Down to the last line, write out the entries below exactly and omit all pictures.

Dataset section start

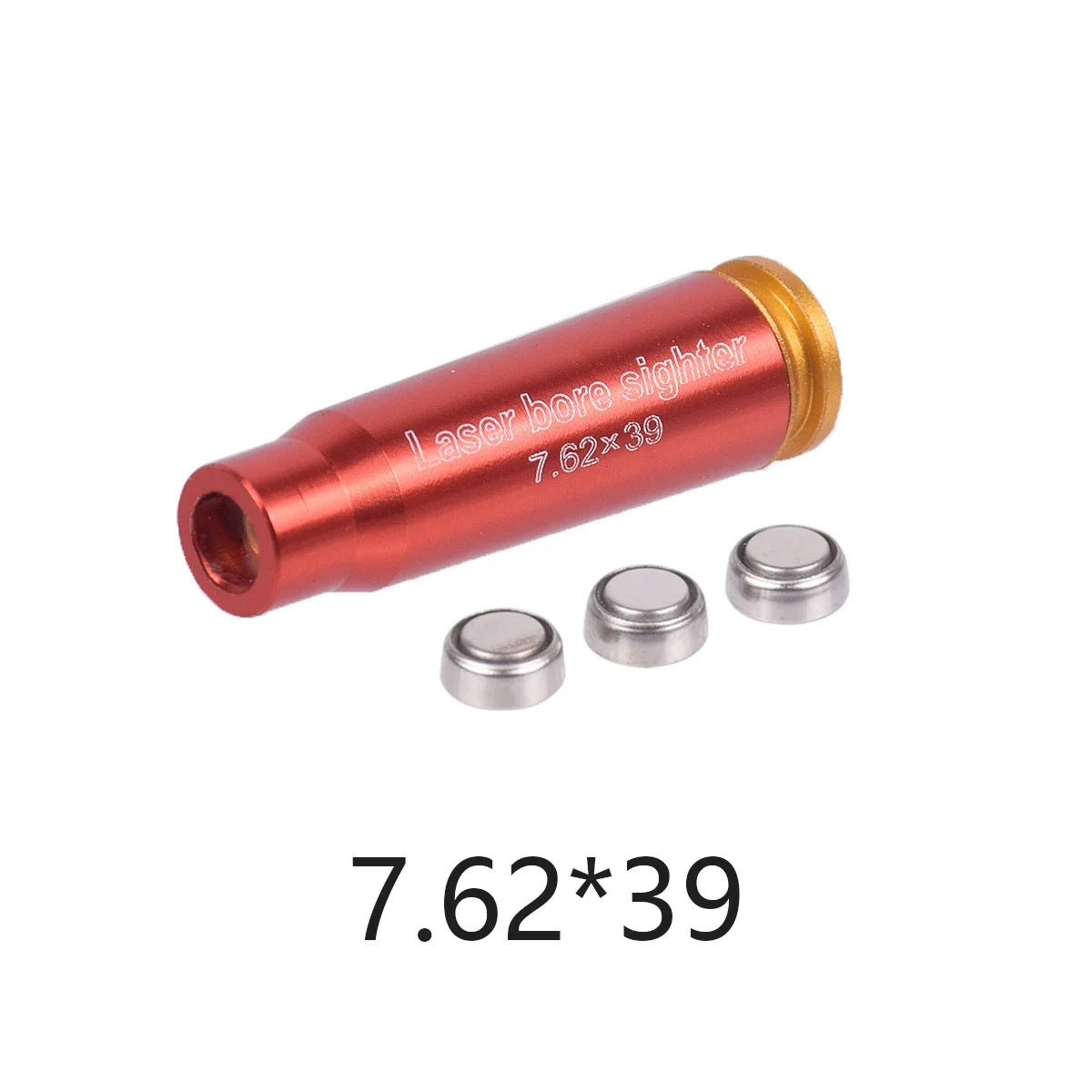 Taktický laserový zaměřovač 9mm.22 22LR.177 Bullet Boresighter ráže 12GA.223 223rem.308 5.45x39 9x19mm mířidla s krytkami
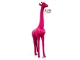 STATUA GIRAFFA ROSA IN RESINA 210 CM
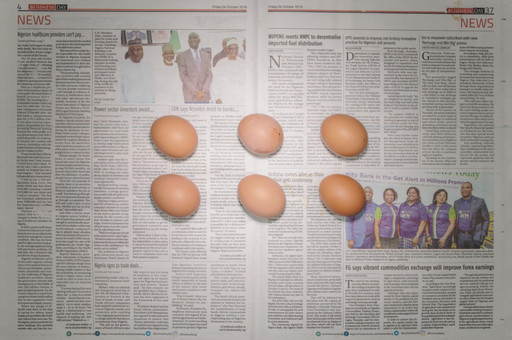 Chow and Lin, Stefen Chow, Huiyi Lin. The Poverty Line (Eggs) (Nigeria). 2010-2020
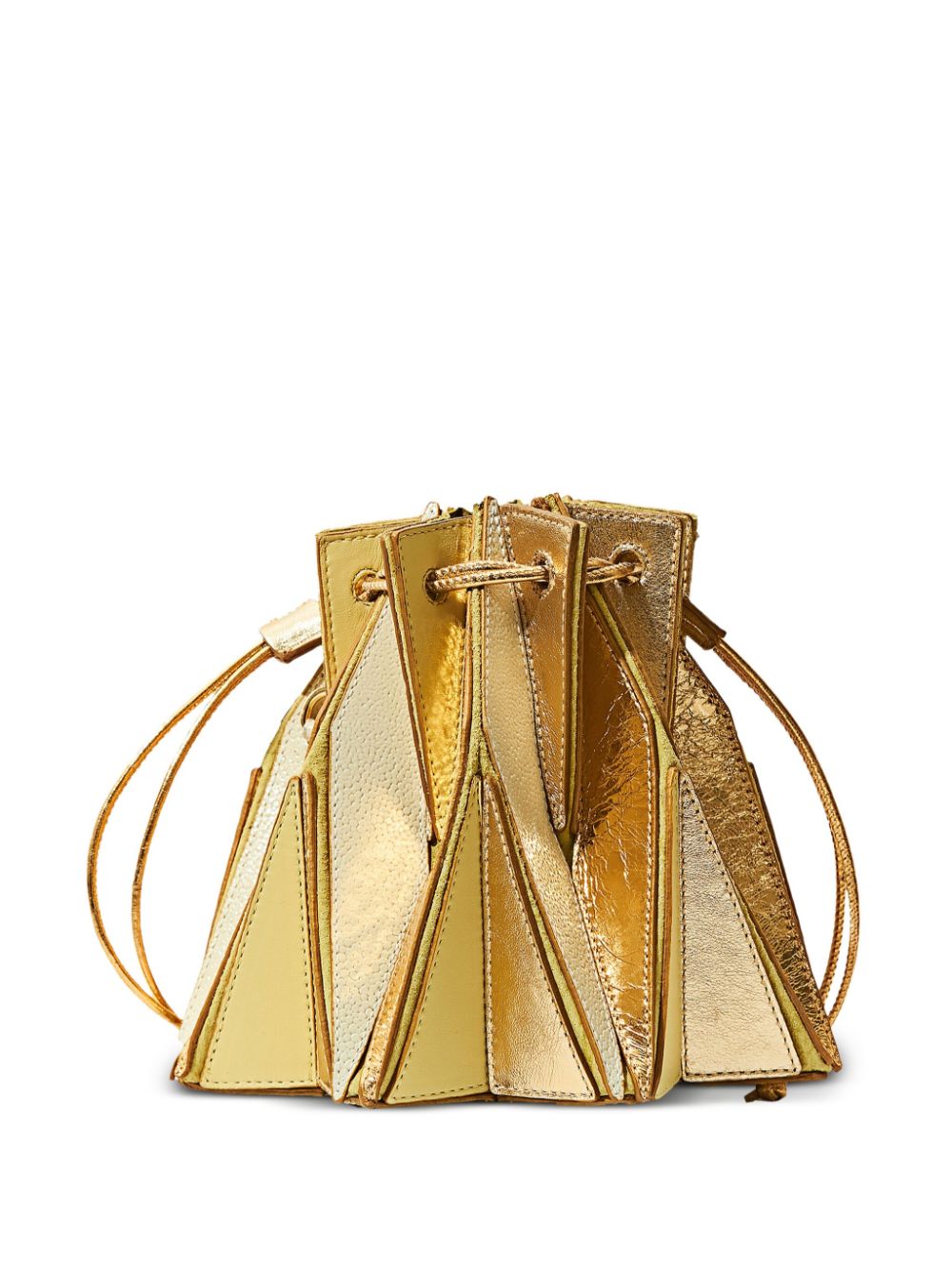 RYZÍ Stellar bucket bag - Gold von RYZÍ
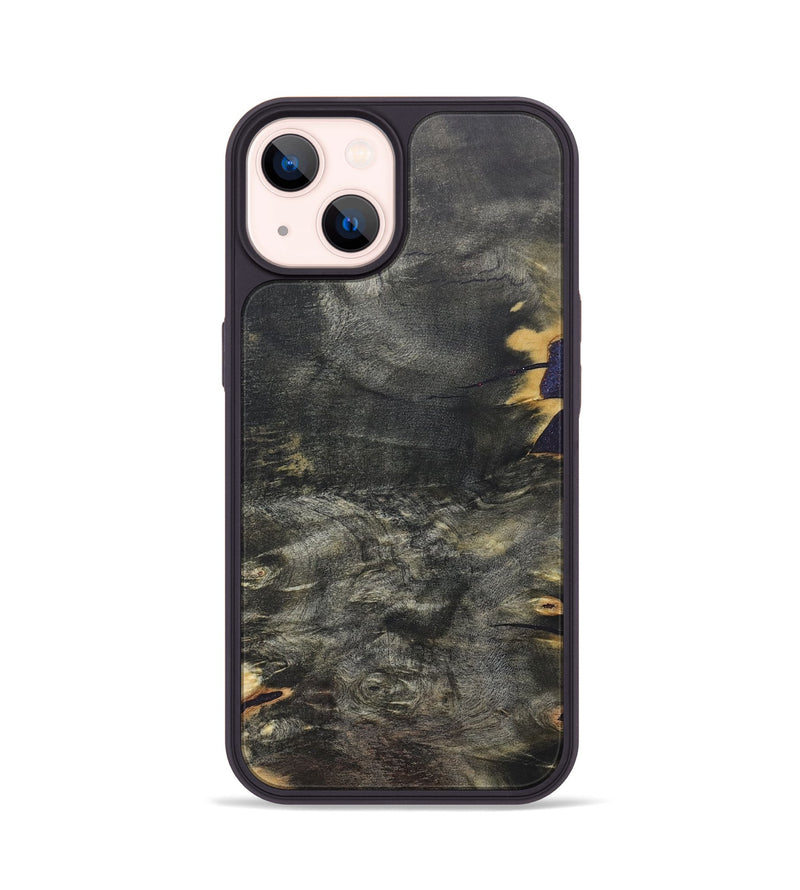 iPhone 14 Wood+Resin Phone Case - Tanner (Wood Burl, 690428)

Dataset section end

> **Problem solution**
 Taktický laserový zaměřovač 9mm.22 22LR.177 Bullet Boresighter ráže 12GA.223 223rem.308 5.45x39 9x19mm mířidla s krytkami
 STATUA GIRAFFA ROSA IN RESINA 210 CM
 Chow and Lin, Stefen Chow, Huiyi Lin. The Poverty Line (Eggs) (Nigeria). 2010-2020
 RYZÍ Stellar bucket bag - Gold von RYZÍ
 iPhone 14 Wood+Resin Phone Case - Tanner (Wood Burl, 690428)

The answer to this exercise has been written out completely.